Environment direction
A lab should feel like infrastructure, not a toy simulator.
The long-term direction is a small-business-style Linux environment with defined system roles, interacting services, and realistic operational problems. The design can grow over time, but the goal is for the systems to behave like real infrastructure.
- web01: the first active server target, currently used for nginx service diagnostics validation.
- client01: a planned admin workstation for investigation and operations.
- files01: a planned file and backup server for storage, permissions, and recovery scenarios.
- mon01: a planned monitoring system for signal, alerting, and observability practice.
- infra01: a planned DNS and infrastructure-services node for dependency-based troubleshooting.
- legacy01: an optional future degraded system for older, messier troubleshooting scenarios.
The exact host list is not the point. What matters is that learners work against systems with real roles, real dependencies, real failure symptoms, and real recovery criteria.
Current status boundary
Argus Lab is active early implementation, not a finished training product.
Argus Lab has moved beyond public planning. The first web01 validation target is built, a clean baseline exists, and Argus ACLI has been tested against the healthy nginx service state.
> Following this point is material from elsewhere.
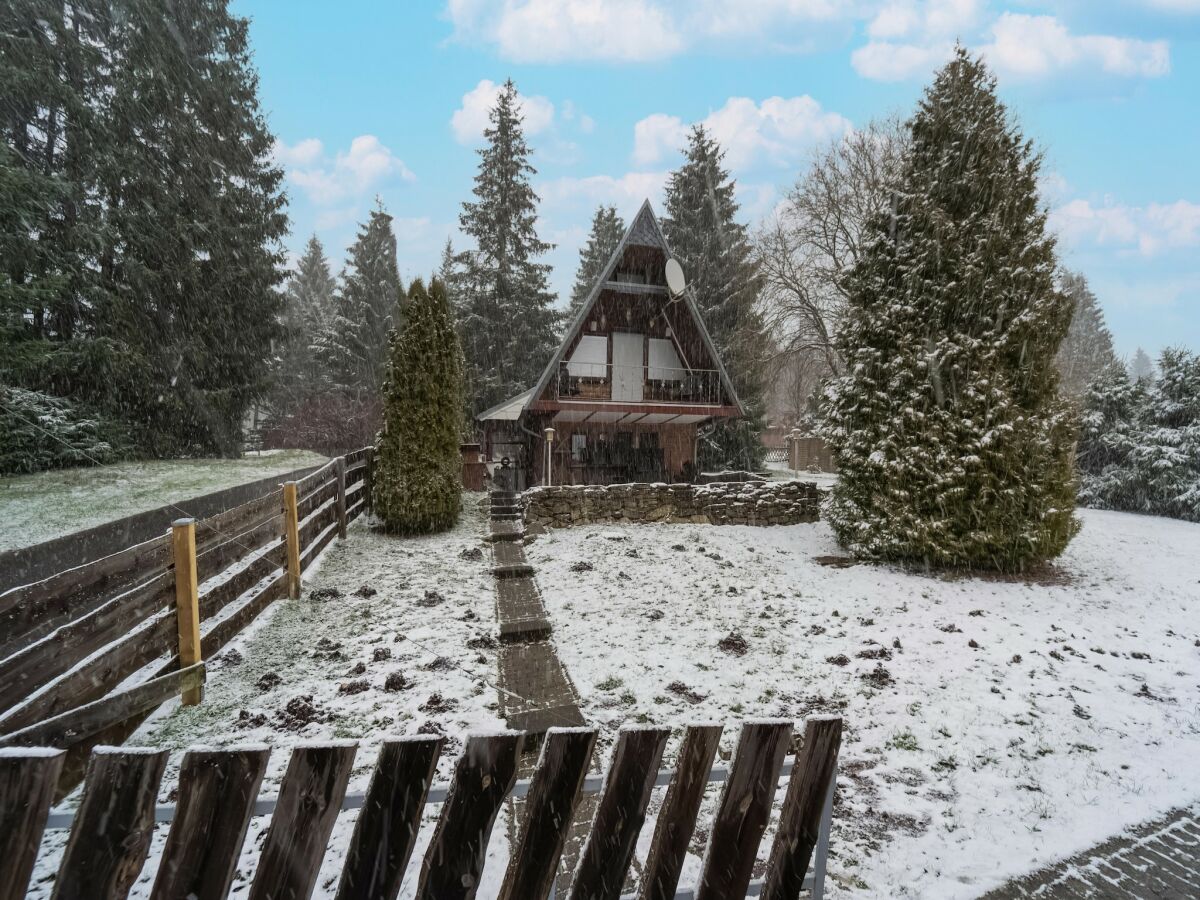 Holiday house Gemütliches Waldversteck in Suhl - Outdoor photo 4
It is not currently a public training platform, downloadable lab distribution, or completed product. The current work is building and validating the foundation that can later support broader training scenarios, tracked sessions, progressive guidance, and multi-node practice.
What Argus Lab is not
It should not remove difficulty. It should make difficulty safe to practice.
Argus Lab is not a multiple-choice trainer, a fake terminal simulator, a simple guided tutorial, a memorization tool, or an automated answer machine.
The learner should still have to think. The system should make real troubleshooting safer to practice, not replace the learning process with instant answers.